Mis en ligne par on juin 12th, 2009 article dans la section : Télévisions. Vous pouvez suivre les discussions autour de ce texte avec le flux RSS 2.0. Vous pouvez laisser un commentaire

“ You cannot lose, if you do not play. ” – Marla Daniels Ne cherchez pas si cette Marla Daniels à bel et bien existé ou de quel personnage historique peut bien venir cette citation, car elle vient directement d’un dialogue tiré de l’une des meilleures séries policières de la décennie passée : The Wire, l’un des derniers joyaux de la chaîne US qui avait des idées : HBO. Voilà d’ailleurs comment s’ouvre chaque épisode : une petite séquence pré-générique qui donne le ton de l’épisode suivie d’un générique qui, différent à chaque saison, résume les axes particuliers de celles-ci en compilant des images filmées spécialement ou tirées des épisodes eux-mêmes, le tout en relation avec les thèmes généraux de la série.
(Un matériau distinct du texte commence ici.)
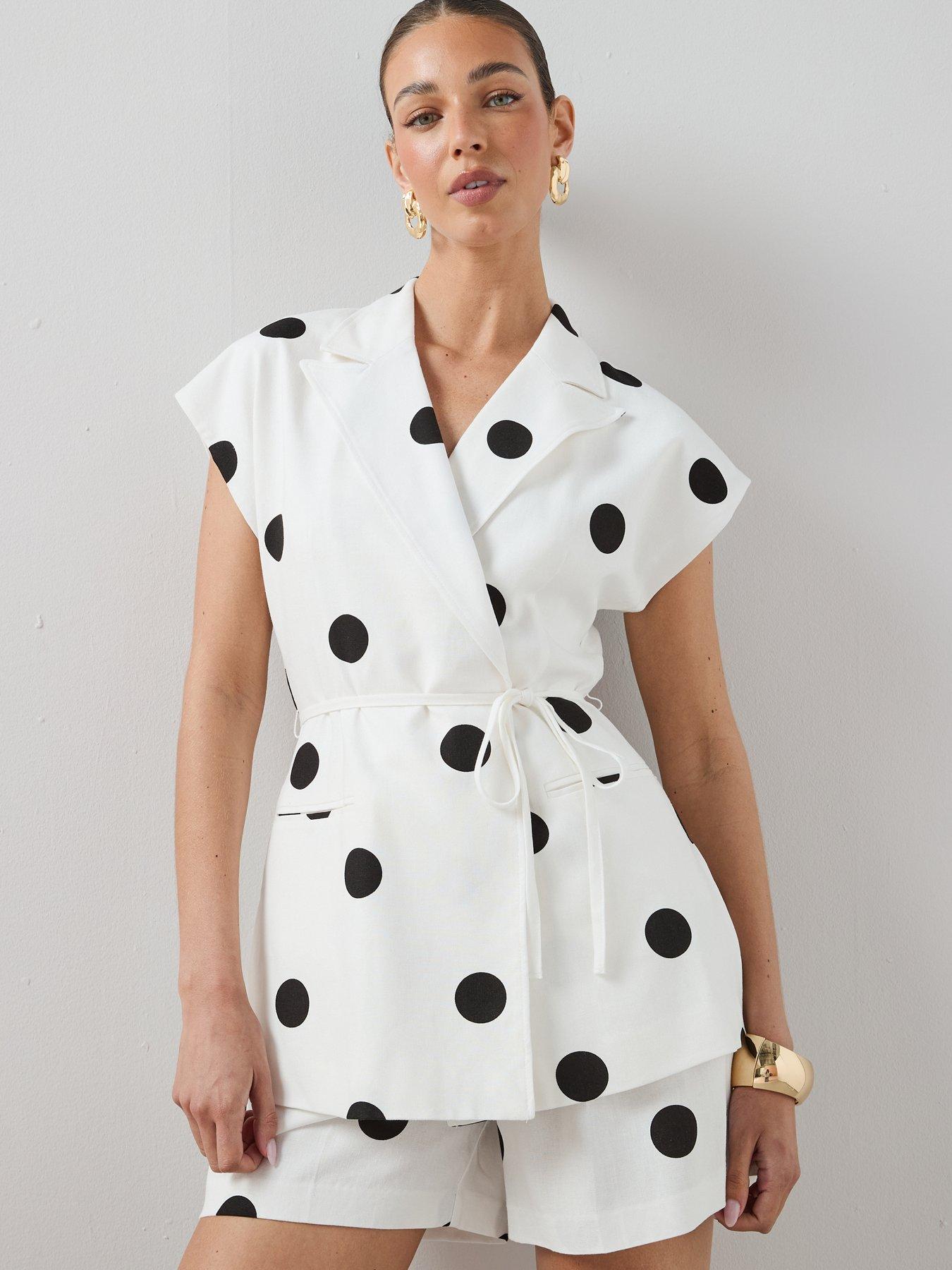 the-very-collection-polka-dot-shorts-blackwhiteback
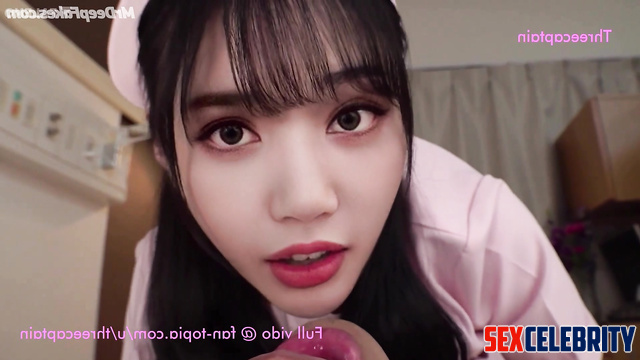 Lisa deepfake porn - nurse likes blowjob / 리사 블랙핑크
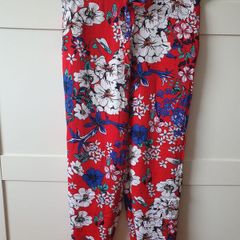 Mango trousers red S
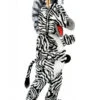Mascotte De Zèbre -Fête Vêtements Boutique mascotte de zebre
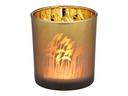 G. Wurm Windlicht Pampasgras 8 cm, Goldbraun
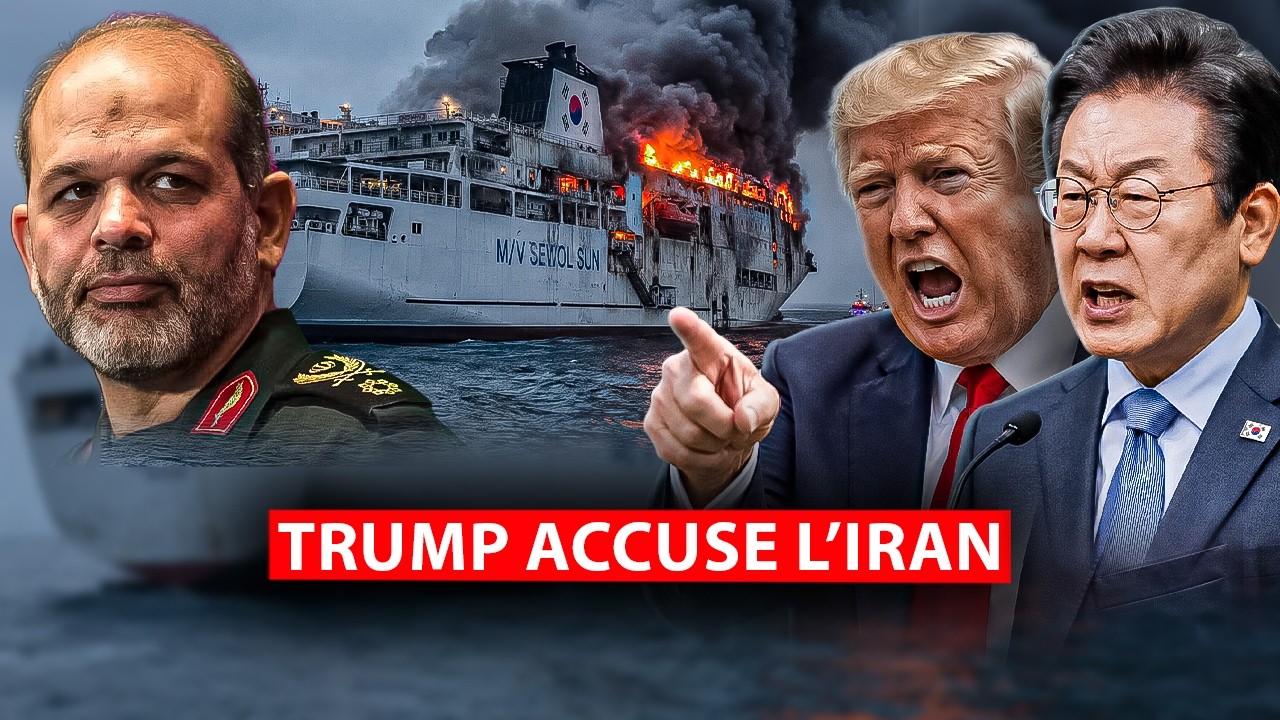 Un navire de la Corée du Sud prend feu à Ormuz. Les USA frappe l'Otan.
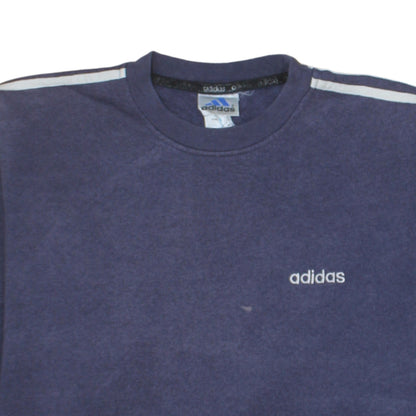 Adidas Men's Blue Crew Neck Pullover Sweatshirt Size L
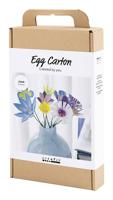 Creativ Company Hobbyset bloemen van eierdozen, pastelkleuren, 1 doos - thumbnail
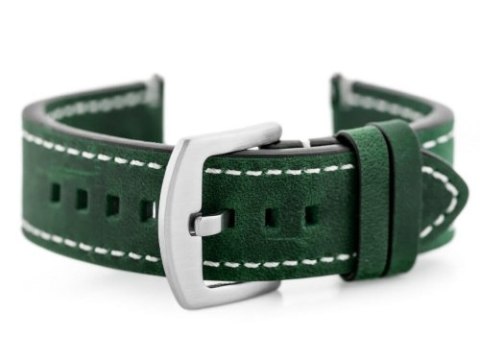 Pasek skórzany do zegarka W72 - zielony - 20mm Pasek skórzany do zegarka W72 - zielony - 20mm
Qui dit générique dit musique, la série nous propose donc une chanson, « Way down the hole », dont les interprètes changent à chaque saison. Pour la première saison, c’est une version des Blind Boys of Alabama ; pour la seconde, c’est celle de l’auteur du titre, Tom Waits ; celui de la troisième ayant comme interprète The Neville Brothers ; pour la quatrième ce sont cinq petits gars de Baltimore qui sont mis à contribution : DoMaJe ; quant à la cinquième c’est Steve Earle qui reprend le flambeau. La version originale reste, à mon sens la meilleure, en tous les cas cette chanson se trouve être en total accord avec l’univers de la série. S’ensuit donc une citation blanche sur fond noir d’un des personnages de la série, citation que nous retrouverons bien sûr dans la bouche de son auteur au sein de l’épisode.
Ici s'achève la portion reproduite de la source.